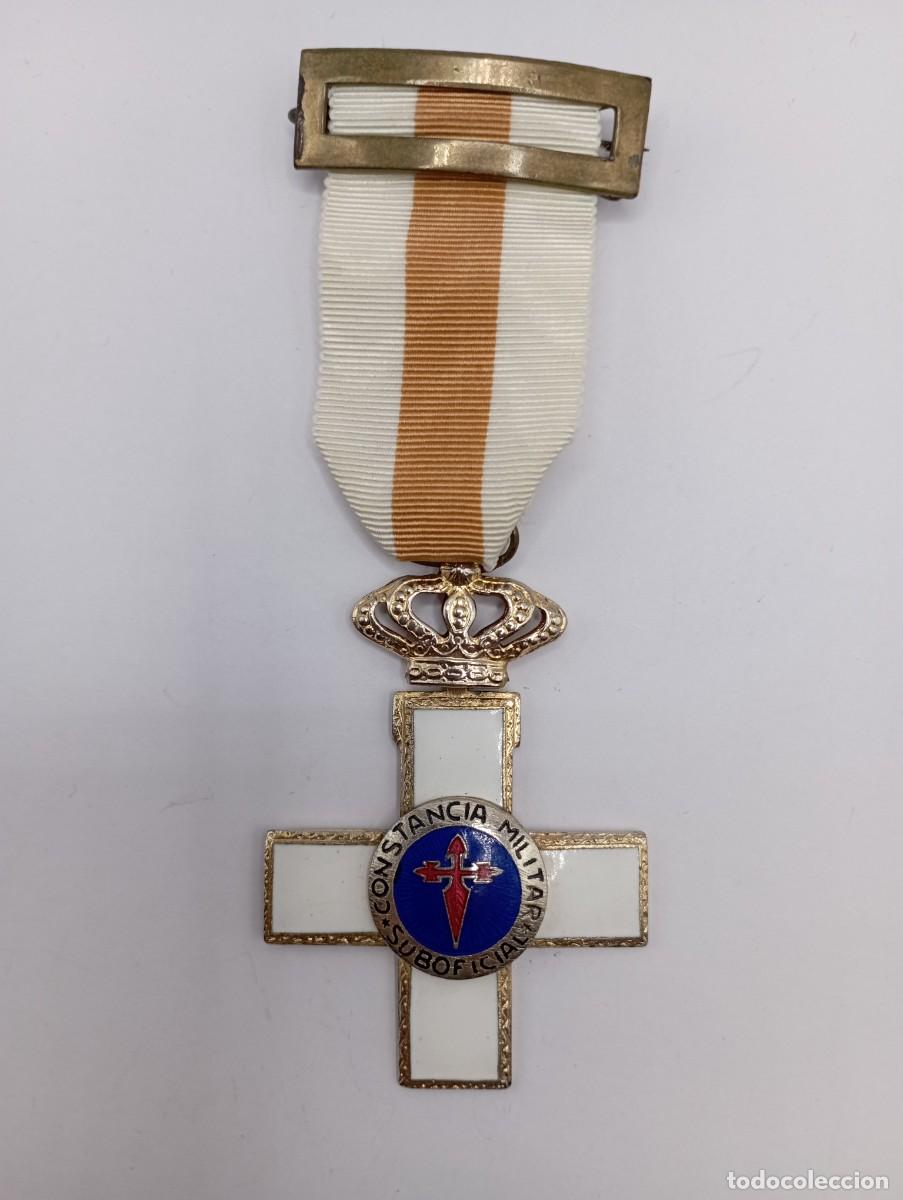 Militaria: Cruz a la Constancia Militar para suboficial. Monarqu&iacute;a.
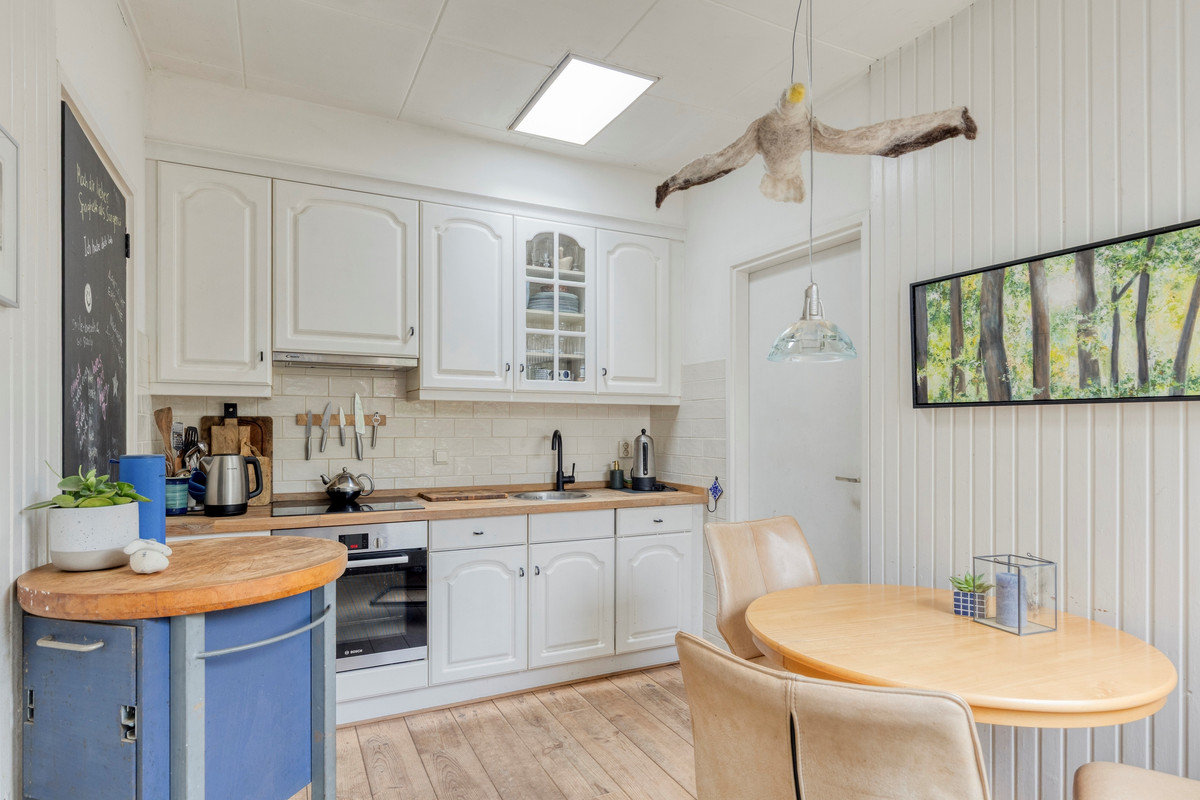 Tussenwoning te koop: Van Der Waalspad 19, Assen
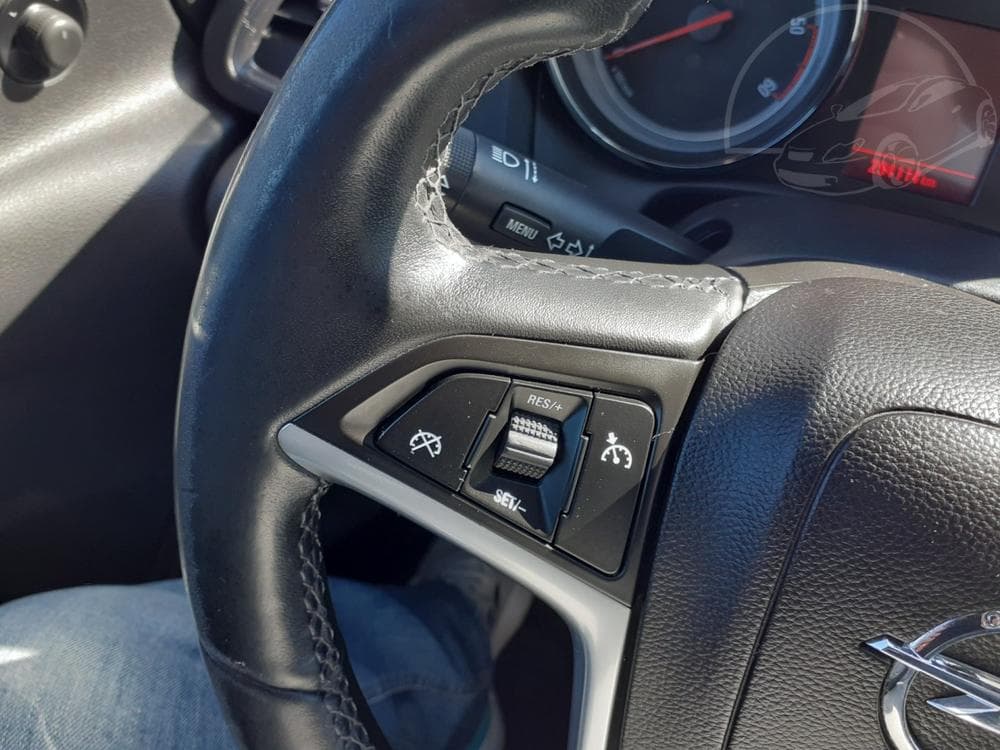2011 Opel ASTRA - 9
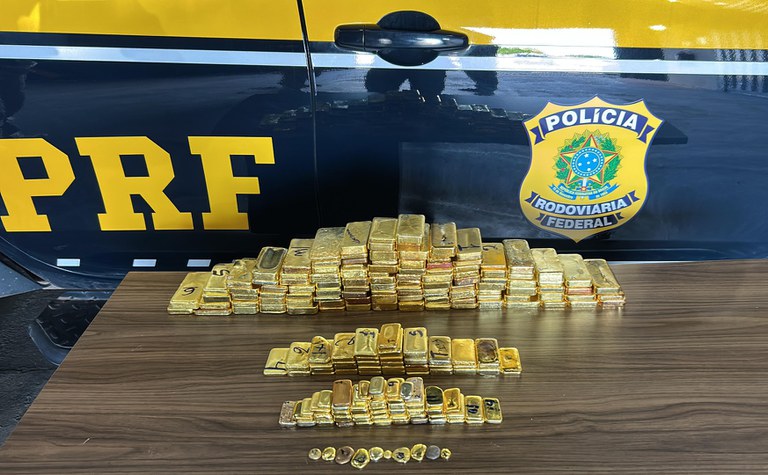 ‘Brazil’s largest gold seizure ever’ made in glam influencer’s car as cops find £8.2m of bars ‘hidden in dashboard’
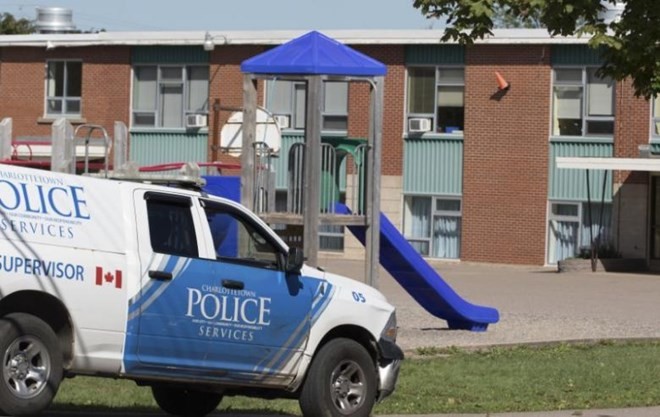 Bản tin sáng: Canada đóng cửa trường học vì đe dọa đánh bom Xe cảnh sát trước cổng một trường học ở Canada. (Nguồn: Reuters)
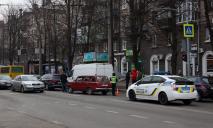 Пострадавшую госпитализировали: на Титова автомобиль сбил 18-летнюю девушку на пешеходном переходе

────────

* _What to work on_
Pictures stay out; everything else in the listing above gets repeated exactly.

* _Answer section_
 Militaria: Cruz a la Constancia Militar para suboficial. Monarqu&iacute;a.
 Tussenwoning te koop: Van Der Waalspad 19, Assen
2011 Opel ASTRA - 9
 ‘Brazil’s largest gold seizure ever’ made in glam influencer’s car as cops find £8.2m of bars ‘hidden in dashboard’
 Bản tin sáng: Canada đóng cửa trường học vì đe dọa đánh bom Xe cảnh sát trước cổng một trường học ở Canada. (Nguồn: Reuters)
 Пострадавшую госпитализировали: на Титова автомобиль сбил 18-летнюю девушку на пешеходном переходе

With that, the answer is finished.